Bio: Sravanti Addepalli is a Ph.D. student at the Indian Institute of Science (IISc), Bengaluru, and a Student Researcher at Google Research India. She is pursuing research in the area of Adversarial Robustness of Deep Networks at the Video Analytics Lab (VAL) in the Department of Computational and Data Sciences (CDS). Her research interests include Adversarial Attacks and Defences, OOD generalization of Deep Networks, and Self-supervised learning. Sravanti is broadly interested in exploring the vulnerabilities of Deep Networks and building algorithms to improve their robustness and generalization. She is a recipient of the Google Ph.D. fellowship, Prime Minister’s Fellowship for Doctoral Research, and Qualcomm Innovation Fellowship.

Abstract: In computer vision, generalization of learned representations is usually measured on i.i.d. data. This hides the fact that models often struggle to generalize to non-i.i.d data and fail to overcome the biases inherent in visual datasets. Labeling additional data in each new situation is the standard solution but is often prohibitively expensive.
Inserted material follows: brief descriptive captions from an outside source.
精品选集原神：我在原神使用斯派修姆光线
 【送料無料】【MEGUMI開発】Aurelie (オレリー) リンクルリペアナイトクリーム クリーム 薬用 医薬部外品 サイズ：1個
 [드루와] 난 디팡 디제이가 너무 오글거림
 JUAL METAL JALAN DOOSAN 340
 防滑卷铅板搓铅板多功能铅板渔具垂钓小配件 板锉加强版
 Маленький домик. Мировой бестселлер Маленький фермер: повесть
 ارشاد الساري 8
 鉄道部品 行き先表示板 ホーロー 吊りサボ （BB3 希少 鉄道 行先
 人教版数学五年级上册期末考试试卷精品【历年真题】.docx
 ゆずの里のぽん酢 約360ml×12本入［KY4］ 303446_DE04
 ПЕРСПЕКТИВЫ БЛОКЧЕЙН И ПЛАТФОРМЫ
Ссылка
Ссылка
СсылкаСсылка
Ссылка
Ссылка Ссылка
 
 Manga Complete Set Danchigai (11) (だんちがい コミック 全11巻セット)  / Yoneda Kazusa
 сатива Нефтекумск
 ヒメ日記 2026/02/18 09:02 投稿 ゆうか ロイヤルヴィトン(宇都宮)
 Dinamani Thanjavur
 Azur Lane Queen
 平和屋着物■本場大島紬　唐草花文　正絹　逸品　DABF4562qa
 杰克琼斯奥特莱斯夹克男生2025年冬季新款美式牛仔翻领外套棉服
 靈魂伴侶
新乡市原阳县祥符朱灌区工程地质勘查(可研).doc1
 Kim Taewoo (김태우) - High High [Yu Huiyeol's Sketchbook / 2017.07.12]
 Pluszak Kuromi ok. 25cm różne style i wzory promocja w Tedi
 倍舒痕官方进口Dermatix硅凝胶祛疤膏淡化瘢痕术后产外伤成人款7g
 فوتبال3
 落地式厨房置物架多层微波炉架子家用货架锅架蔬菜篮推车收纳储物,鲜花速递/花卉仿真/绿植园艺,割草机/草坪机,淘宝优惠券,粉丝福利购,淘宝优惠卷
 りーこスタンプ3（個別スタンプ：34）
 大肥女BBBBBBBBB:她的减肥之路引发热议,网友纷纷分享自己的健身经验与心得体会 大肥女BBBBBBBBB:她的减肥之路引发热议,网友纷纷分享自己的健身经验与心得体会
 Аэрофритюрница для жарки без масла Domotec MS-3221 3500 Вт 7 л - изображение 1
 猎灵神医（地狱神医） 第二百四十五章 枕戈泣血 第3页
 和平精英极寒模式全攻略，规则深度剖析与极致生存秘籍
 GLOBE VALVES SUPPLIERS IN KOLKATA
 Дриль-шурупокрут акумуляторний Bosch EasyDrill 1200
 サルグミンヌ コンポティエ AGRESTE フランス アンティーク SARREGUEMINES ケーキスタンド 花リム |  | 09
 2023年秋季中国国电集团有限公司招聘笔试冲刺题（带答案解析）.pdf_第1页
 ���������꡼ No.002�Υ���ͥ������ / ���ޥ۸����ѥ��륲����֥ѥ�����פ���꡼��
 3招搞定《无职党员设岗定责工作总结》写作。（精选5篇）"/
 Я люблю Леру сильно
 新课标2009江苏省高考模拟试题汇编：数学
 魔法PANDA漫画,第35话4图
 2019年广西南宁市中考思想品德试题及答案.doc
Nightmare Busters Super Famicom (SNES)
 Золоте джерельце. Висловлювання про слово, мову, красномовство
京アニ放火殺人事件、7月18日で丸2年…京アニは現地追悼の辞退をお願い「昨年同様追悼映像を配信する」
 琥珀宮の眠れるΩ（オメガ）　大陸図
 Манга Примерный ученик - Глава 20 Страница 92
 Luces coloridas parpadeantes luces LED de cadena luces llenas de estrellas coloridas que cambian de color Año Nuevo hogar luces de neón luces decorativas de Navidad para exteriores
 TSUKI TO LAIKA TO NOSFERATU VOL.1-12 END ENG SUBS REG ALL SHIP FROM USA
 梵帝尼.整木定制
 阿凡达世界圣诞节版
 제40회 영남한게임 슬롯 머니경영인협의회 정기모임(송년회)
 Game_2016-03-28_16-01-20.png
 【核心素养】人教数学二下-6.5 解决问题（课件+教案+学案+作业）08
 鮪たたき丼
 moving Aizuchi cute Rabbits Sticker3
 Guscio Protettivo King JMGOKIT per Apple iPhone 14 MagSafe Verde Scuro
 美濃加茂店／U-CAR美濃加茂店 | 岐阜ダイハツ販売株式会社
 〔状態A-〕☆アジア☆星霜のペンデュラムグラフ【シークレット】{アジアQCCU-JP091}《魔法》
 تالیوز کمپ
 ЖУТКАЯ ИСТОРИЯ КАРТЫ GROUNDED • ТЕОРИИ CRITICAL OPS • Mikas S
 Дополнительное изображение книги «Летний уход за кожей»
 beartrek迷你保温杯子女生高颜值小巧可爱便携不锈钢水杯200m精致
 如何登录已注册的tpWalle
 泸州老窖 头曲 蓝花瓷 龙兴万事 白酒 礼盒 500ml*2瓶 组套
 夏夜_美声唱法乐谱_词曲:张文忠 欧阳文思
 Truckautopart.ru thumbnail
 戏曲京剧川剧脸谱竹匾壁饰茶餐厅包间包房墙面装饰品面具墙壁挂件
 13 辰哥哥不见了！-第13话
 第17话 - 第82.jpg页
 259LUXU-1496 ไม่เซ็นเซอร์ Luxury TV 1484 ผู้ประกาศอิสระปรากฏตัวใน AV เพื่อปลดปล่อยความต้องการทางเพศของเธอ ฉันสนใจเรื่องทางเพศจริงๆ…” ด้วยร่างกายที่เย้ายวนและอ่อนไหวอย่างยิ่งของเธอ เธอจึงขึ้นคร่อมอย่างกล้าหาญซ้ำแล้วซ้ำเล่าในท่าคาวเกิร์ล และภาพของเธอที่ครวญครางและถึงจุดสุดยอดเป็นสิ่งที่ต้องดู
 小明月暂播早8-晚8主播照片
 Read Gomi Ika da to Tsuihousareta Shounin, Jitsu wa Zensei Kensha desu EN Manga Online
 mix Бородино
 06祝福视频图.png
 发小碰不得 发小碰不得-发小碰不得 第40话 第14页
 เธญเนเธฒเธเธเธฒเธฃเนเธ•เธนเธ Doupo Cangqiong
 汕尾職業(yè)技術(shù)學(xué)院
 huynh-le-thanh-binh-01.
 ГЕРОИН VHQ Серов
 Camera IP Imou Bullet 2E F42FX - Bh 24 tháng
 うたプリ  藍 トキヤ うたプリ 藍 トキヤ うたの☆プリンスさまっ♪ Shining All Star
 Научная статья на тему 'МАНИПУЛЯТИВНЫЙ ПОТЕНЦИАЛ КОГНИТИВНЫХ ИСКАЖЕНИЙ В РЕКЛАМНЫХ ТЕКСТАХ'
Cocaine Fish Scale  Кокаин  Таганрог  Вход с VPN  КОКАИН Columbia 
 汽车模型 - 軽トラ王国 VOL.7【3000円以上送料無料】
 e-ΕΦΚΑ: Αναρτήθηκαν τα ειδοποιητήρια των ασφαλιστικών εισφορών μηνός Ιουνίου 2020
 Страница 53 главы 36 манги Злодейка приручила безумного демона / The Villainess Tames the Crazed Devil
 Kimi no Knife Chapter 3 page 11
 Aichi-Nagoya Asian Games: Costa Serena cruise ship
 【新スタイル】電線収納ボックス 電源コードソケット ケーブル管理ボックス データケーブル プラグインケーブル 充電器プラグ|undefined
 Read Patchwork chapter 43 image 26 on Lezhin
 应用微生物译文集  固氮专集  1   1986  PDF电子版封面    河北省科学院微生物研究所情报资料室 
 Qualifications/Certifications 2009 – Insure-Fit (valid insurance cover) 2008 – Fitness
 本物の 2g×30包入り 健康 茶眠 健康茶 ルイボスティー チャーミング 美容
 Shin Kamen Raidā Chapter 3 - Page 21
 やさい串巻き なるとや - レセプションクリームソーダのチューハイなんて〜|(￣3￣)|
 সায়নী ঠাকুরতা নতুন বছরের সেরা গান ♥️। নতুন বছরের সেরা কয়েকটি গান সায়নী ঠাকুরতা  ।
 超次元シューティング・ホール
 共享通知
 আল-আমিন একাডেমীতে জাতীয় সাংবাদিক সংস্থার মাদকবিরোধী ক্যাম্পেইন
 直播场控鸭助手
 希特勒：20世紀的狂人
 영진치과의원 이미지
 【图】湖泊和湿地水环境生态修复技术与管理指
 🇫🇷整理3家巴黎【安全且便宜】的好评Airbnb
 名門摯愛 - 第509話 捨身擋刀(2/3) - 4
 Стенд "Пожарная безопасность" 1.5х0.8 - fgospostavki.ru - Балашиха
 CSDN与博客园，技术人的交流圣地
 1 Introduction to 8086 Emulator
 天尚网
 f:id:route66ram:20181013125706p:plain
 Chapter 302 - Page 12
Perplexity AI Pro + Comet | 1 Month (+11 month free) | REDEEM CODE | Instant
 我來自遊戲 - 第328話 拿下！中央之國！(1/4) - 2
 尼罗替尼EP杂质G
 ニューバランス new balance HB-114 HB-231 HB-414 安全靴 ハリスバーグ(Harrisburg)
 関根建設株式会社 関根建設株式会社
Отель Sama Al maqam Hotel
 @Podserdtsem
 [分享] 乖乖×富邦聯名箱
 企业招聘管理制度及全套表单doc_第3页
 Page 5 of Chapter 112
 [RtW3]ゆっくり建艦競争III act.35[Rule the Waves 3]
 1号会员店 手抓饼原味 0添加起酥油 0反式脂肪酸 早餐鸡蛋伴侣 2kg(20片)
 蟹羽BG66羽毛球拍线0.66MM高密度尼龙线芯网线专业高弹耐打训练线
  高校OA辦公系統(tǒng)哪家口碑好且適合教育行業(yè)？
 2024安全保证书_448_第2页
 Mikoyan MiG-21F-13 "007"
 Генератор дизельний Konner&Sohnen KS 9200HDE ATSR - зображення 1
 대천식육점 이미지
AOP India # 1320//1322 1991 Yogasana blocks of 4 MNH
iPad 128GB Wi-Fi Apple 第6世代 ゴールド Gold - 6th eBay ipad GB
I will discuss some recent work in my lab addressing the core challenges in overcoming dataset bias, including adaptation to natural domain shifts, sim2real transfer, avoiding spurious correlations, and the role of pretraining in generalizability.

Bio: Kate is a Professor of Computer Science at Boston University. She leads the Computer Vision and Learning Group at BU, is the founder and co-director of the Artificial Intelligence Research (AIR) initiative, and member of the Image and Video Computing research group. Kate holds a PhD from MIT EECD and did her postdoctoral training at UC Berkeley and Harvard. Her research interests are in the broad area of Artificial Intelligence with a focus on dataset bias, adaptive machine learning, learning for image and language understanding, and deep learning.